Por lo pronto, como muy pocas veces se ha visto en el subcontinente, hubo abrumadora coincidencia en rechazar al gobierno surgido de la intentona golpista y exigir la vuelta a la legalidad. Lo planteó la Unión de Naciones Sudamericanas (Unasur), a través de su presidente Pro Tempore, Michelle Bachelet, que había tenido un estreno auspicioso contra el intento de golpe a Evo Morales y la investigación de los crímenes de la derecha santacruceña.

Se sumó la OEA, de la mano de su titular, José Miguel Insulza, en el nuevo rol que pretende ejercer la institución panamericana luego de reparar la discriminación de Cuba. Lo hicieron los gobiernos de cada uno de los países de la región, desde Lula Da Silva hasta la secretaria de Estado de Obama, Hillary Clinton. Y por supuesto, lo demandaron las naciones del Alba, el proyecto continental pergeñado por Hugo Chávez.

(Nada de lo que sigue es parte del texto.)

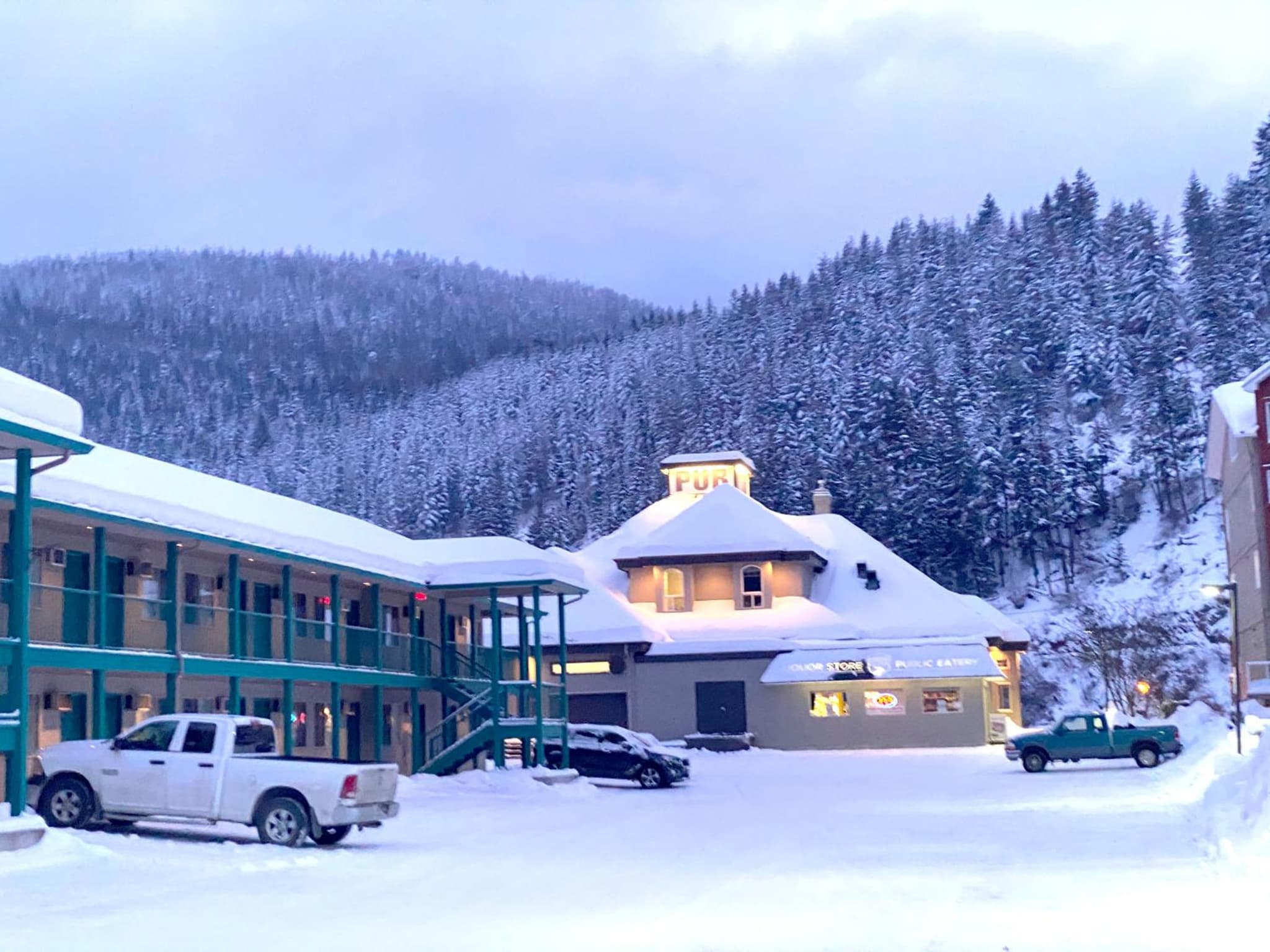 Super 8 by Wyndham Sicamous photo 4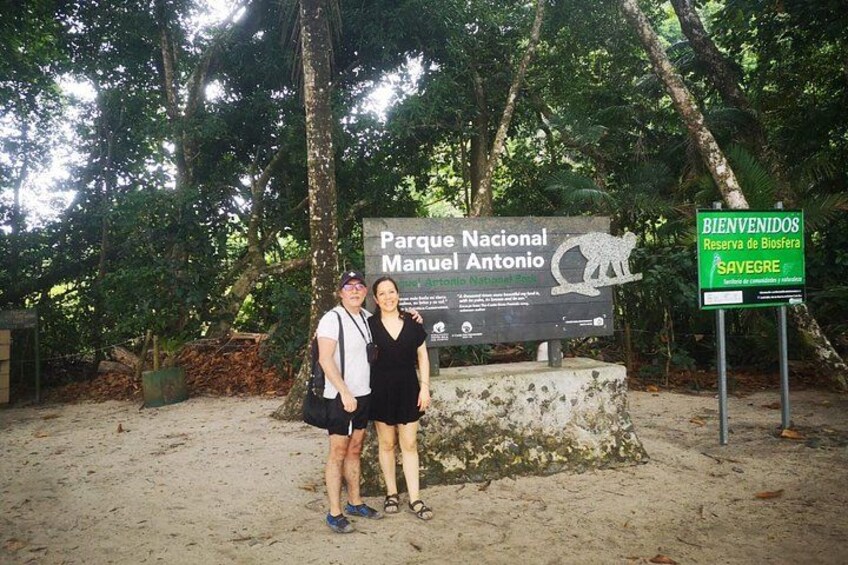 A sign for Parque Nacional Manuel Antonio with a welcome message and a symbol of a jaguar. 4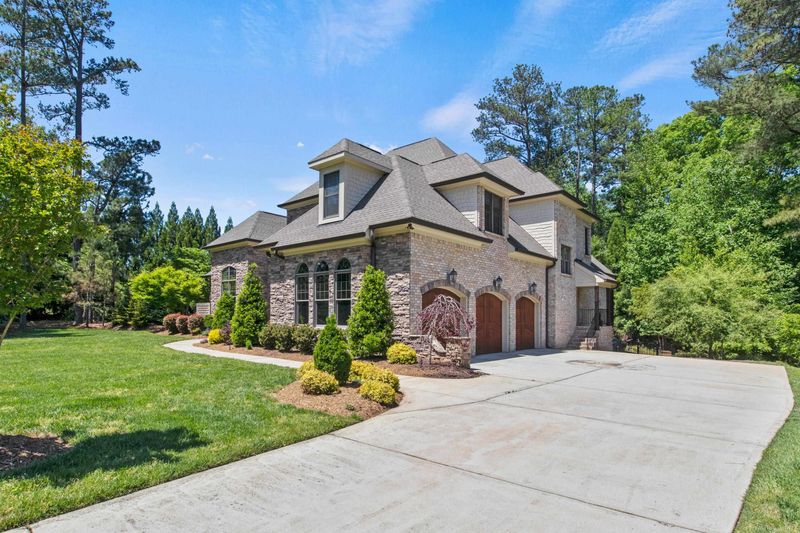 1936 Olde Mill Forest Dr, Raleigh, NC 27606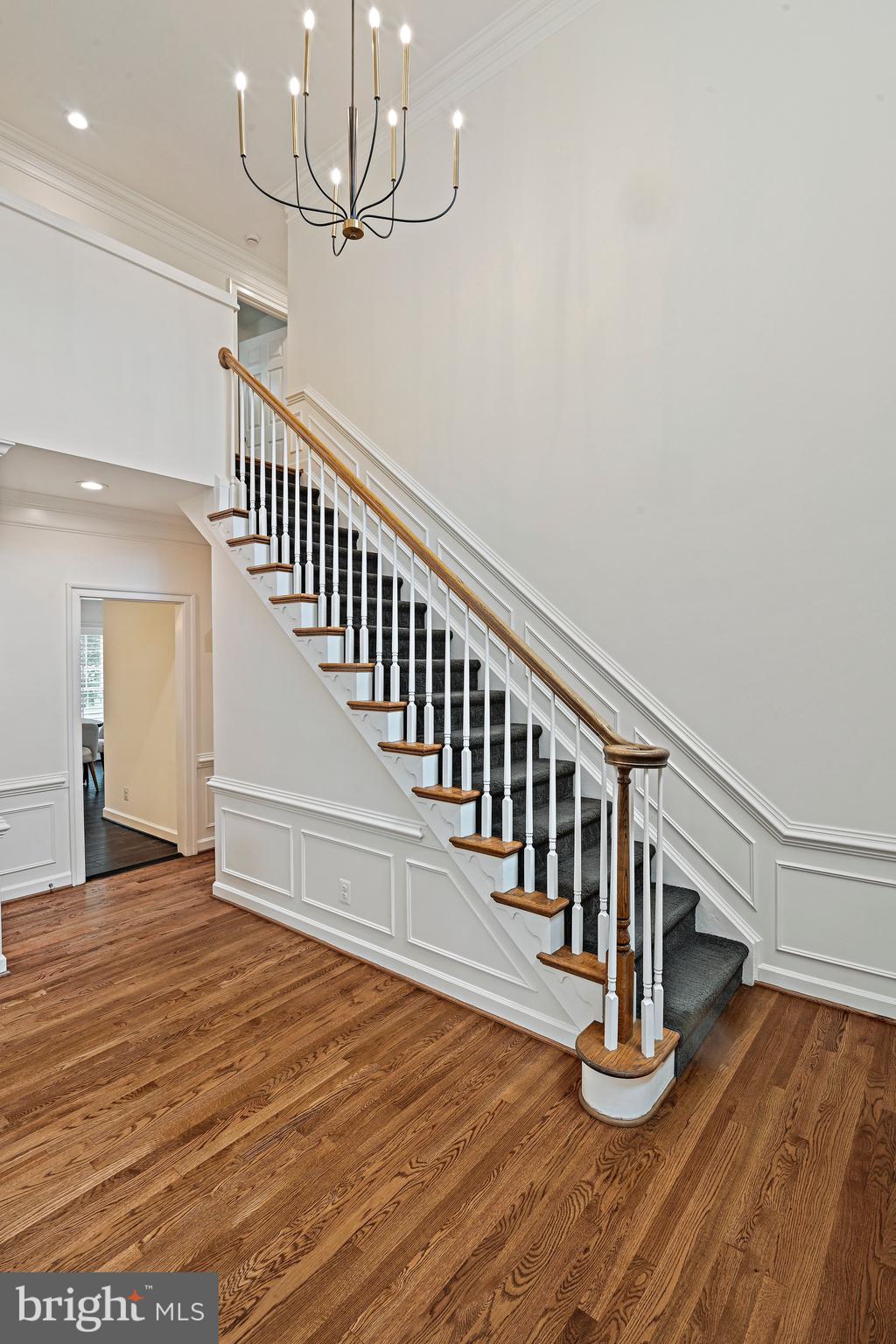9733 Hidden Valley Road Vienna, VA 22181 - Photo 6 of 70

Zelaya, surgido de las filas liberales, se había ido inclinando hacia posturas más progresistas, al punto que estrechó relaciones profundas con Venezuela, Cuba y el arco de países que decidieron rechazar los protocolos del Consenso de Washington. Y cuando propuso plasmar esas reformar en los papeles, con fuerte apoyo popular, pretendieron desterrarlo del sistema que gobernó a la nación centroamericana por 29 años.

Así lo declaró, sin inmutarse y en forma explícita, el hombre que el presidente de facto Roberto Micheletti puso en la cartera de Relaciones Exteriores para explicar lo inexplicable al resto de las naciones de la Tierra.

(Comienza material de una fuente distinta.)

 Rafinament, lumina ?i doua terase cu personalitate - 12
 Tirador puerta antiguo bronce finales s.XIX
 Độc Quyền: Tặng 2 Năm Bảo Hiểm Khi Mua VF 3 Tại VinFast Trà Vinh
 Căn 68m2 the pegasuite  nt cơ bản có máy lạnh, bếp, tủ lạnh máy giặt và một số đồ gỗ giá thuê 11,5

“Aquí no hubo golpe de Estado porque los hondureños siguen regidos por la Constitución, a la que el anterior gobierno quiso reformar sin ningún fundamento y de manera ilegal, con apoyo izquierdista”, se horrorizó Enrique Ortez Colindres, para agregar que Zelaya la había sacado barata, porque en realidad “ha cometido muchos delitos”. Querer modificar las reglas de juego apelando al apoyo popular es apenas uno de ellos.